DRONE ENABLE 2022: Learning from the past for a better future


One of the ways we learn from what was done previously, is by having conversations and sharing experiences and challenges and what works. During our DRONE ENABLE 2022 event that is taking place next week, we are bringing together key stakeholders to focus on the complex issues presented by unmanned aircraft system traffic management (UTM) which need to be addressed collectively in order to integrate UAS into the global aviation system. DRONE ENABLE 2022 is being sponsored by NEDO.

Earlier this year we put out a Request for Information where we focused on the evolution of unmanned aviation with respect to safely integrated in the global airspace structure. The primary requirement remains the ability to facilitate such integration without negatively impacting the safety or efficiency of manned aviation operations or the safety of persons and property on the ground, taking into account security, environmental impacts and equitable access for all airspace users.

To enable States, regulators and industry to continue to advance the development of UTM systems, we needed to showcase the below issues. In this RGI we asked that submissions propose practical solutions, successful research and development activities and/or best practices – existing or proposed. The types of questions that should have been considered in each submission are provided below with the associated problem statement. We evaluated submissions based on how well they addressed one or another problem statement.

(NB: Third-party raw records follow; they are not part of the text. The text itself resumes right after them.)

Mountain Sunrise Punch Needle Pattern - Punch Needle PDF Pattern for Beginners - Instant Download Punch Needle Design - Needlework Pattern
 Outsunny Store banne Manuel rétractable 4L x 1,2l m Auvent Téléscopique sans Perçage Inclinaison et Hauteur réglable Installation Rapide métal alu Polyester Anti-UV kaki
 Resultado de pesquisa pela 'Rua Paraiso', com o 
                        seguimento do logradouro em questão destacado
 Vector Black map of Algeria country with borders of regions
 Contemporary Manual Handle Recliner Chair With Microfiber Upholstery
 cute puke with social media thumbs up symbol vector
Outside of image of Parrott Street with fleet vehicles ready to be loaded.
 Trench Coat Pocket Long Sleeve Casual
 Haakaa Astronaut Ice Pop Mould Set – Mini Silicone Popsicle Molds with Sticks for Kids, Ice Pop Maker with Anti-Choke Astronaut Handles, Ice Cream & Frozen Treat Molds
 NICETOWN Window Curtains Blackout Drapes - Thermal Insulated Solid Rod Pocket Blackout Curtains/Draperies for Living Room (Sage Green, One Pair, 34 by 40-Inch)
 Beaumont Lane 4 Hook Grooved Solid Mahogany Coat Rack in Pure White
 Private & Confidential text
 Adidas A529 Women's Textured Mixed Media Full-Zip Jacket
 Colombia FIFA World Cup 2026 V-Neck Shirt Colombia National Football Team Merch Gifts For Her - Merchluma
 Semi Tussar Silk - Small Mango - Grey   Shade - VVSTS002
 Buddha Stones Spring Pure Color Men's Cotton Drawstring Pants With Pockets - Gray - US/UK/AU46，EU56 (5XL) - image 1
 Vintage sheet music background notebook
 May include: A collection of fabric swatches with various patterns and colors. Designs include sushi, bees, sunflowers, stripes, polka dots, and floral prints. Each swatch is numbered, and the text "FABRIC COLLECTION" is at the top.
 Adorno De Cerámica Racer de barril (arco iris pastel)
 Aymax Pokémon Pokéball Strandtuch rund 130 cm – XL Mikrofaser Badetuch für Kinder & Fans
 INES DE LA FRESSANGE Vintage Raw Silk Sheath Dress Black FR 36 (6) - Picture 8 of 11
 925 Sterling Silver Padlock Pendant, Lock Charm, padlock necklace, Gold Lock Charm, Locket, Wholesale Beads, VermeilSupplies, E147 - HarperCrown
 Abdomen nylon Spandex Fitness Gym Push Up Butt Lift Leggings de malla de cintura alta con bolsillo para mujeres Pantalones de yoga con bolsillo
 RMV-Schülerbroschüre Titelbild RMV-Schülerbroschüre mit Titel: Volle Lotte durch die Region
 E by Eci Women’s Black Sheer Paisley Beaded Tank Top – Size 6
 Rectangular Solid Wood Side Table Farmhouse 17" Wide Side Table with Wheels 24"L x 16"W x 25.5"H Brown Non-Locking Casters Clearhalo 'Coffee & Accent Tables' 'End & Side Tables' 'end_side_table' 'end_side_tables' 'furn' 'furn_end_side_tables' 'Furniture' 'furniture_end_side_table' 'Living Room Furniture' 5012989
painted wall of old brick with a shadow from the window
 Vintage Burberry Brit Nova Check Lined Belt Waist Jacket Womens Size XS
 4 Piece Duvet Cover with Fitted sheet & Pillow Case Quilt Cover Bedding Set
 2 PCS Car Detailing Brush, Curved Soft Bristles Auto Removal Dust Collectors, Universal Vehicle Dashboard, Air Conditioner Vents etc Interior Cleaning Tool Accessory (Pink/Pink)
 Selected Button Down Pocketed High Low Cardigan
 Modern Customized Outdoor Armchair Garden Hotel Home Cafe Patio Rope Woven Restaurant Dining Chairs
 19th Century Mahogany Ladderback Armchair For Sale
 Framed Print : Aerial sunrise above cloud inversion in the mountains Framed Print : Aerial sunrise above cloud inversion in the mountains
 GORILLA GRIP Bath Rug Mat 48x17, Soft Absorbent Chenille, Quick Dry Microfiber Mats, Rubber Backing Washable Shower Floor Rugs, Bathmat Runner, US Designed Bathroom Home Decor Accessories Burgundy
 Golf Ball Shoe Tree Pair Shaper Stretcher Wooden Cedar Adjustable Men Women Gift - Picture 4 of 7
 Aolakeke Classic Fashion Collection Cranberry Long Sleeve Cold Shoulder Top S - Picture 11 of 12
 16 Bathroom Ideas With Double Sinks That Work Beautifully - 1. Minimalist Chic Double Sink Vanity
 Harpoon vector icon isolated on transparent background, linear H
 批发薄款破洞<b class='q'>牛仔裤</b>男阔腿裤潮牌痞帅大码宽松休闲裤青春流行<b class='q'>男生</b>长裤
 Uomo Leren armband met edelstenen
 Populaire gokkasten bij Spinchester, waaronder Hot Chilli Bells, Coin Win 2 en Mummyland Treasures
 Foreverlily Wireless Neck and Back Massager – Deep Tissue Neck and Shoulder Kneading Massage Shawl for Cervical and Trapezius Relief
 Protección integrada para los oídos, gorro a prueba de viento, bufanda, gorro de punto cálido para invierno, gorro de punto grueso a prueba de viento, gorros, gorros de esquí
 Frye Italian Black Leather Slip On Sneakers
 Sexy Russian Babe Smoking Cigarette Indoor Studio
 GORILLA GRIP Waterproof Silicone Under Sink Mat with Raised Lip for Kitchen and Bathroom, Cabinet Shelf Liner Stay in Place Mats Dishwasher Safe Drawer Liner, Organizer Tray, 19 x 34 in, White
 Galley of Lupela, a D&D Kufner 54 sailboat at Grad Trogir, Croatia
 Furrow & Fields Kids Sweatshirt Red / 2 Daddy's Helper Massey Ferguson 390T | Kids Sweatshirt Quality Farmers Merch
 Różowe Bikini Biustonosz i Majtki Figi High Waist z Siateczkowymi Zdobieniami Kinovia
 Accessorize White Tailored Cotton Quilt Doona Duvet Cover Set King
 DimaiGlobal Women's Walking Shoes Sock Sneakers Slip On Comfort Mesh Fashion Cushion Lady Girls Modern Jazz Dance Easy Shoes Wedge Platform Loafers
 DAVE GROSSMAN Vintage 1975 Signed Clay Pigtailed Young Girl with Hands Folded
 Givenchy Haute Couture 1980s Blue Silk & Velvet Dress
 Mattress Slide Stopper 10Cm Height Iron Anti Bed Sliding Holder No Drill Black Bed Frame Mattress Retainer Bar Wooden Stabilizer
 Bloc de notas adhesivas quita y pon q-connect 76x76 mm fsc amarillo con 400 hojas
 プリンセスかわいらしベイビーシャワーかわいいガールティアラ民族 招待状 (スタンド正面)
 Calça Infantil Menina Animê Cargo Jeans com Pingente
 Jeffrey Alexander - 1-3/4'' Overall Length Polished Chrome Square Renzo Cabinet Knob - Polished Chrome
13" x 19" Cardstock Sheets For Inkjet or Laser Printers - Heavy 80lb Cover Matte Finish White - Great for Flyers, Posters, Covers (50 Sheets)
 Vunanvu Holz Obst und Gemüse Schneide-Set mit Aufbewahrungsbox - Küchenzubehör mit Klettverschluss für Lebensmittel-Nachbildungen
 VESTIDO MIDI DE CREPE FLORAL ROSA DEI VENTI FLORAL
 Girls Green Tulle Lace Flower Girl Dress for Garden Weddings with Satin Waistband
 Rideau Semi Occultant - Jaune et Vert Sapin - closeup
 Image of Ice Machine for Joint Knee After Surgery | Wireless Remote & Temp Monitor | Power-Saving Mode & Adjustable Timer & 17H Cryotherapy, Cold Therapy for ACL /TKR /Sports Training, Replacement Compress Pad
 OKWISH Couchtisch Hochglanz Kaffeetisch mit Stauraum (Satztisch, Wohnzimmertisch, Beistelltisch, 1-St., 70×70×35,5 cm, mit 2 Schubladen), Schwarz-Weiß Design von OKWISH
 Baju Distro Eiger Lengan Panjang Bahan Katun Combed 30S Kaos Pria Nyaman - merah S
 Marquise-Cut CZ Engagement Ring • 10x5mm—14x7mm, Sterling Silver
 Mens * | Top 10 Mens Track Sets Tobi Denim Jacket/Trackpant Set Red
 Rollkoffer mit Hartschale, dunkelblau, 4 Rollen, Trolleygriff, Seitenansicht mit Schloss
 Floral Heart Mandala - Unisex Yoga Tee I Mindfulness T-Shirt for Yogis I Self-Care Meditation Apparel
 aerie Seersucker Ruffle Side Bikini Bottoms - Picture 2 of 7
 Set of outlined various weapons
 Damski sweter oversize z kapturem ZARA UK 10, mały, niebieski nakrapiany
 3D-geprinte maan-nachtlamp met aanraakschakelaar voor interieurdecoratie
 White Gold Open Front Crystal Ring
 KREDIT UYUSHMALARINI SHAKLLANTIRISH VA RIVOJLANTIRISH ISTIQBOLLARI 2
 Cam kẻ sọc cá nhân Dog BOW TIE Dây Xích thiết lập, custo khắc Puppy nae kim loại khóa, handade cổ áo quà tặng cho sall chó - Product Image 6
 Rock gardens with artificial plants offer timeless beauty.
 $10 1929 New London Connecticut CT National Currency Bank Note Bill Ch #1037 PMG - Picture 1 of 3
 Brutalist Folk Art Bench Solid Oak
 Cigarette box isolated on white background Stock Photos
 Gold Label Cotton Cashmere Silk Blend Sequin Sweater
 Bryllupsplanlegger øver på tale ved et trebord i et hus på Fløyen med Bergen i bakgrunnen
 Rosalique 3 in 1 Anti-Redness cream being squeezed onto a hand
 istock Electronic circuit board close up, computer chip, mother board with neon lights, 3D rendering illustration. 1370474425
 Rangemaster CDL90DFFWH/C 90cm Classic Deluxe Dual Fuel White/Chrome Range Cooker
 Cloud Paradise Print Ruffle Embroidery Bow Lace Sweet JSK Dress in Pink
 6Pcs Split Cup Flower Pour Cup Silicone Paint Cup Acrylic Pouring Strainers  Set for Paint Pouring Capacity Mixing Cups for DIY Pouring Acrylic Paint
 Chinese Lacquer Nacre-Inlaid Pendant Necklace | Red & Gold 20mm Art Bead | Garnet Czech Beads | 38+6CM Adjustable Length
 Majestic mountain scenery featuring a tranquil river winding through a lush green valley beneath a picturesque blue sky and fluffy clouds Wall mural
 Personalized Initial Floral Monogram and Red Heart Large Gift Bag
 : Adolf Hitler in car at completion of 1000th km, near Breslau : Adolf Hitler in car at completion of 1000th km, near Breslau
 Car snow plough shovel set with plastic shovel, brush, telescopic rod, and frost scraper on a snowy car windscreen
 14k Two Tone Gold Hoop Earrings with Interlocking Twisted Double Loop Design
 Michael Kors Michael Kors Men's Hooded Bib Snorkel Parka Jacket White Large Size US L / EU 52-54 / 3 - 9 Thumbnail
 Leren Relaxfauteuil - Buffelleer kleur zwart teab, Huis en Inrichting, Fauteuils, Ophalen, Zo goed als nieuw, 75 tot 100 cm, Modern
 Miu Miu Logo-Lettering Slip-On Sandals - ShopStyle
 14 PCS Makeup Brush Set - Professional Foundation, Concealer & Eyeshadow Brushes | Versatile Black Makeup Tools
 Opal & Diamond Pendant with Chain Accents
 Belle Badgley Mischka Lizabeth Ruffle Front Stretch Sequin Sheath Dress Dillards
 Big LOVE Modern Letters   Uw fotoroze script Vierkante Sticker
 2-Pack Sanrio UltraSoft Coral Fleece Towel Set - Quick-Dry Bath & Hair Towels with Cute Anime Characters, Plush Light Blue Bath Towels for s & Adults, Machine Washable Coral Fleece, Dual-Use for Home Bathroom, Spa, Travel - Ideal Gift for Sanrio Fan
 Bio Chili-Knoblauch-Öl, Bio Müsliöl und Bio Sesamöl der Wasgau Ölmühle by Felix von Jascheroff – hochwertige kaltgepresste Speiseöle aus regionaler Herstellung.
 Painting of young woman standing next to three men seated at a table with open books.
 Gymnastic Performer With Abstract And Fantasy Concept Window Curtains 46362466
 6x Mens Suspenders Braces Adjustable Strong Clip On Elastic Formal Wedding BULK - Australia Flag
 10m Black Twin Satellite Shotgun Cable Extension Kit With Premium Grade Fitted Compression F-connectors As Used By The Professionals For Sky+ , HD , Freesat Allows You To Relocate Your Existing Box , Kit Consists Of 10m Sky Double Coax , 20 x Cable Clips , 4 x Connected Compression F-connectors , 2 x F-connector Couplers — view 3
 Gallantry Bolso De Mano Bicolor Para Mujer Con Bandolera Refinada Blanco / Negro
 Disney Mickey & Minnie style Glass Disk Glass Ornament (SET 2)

1) Experiences and Best Practices from the Deployment/Implementation of UTM Systems or Services: As UTM systems and services continue to mature and act as an enabler for unmanned aircraft operations, including beyond visual line-of-sight (BVLOS) activities, it is important to direct attention towards successful UTM deployments and implementations in order to determine what worked, what could be improved, and to consolidate the experiences gained, lessons learned and best practices developed.

  • Based on the type of deployments (local, regional, national, centralized, federated, controlled/uncontrolled airspace, etc.) and actual implementation experience: detail the
    coordination conducted, the key stakeholders/authorities involved and the specific roles and responsibilities of each.
  • How are deployments being rolled out and are there any dependencies that impact the progress of the rollout? What maturity level has the deployment/implementation attained?
  • Which services are currently being provided (or expected in the near term), and which are longer-term aspirations? What criteria influenced the choice of UTM systems/services being provided?
  • With regards to deployments and implementations, what worked, what didn’t work and what lessons were learned?

2) Data Requirements: In order for UTM to support safe multiple UAS operations within and beyond visual line-of-sight, data related to weather, 3D structures, other aircraft, etc. must be made available. Describe the type of data needed to support safe operations, how that data is collected, maintained current, and shared with operators, and whether standards for certain types of data are needed in terms of data quality (e.g. integrity, reliability, continuity and availability), security and resilience.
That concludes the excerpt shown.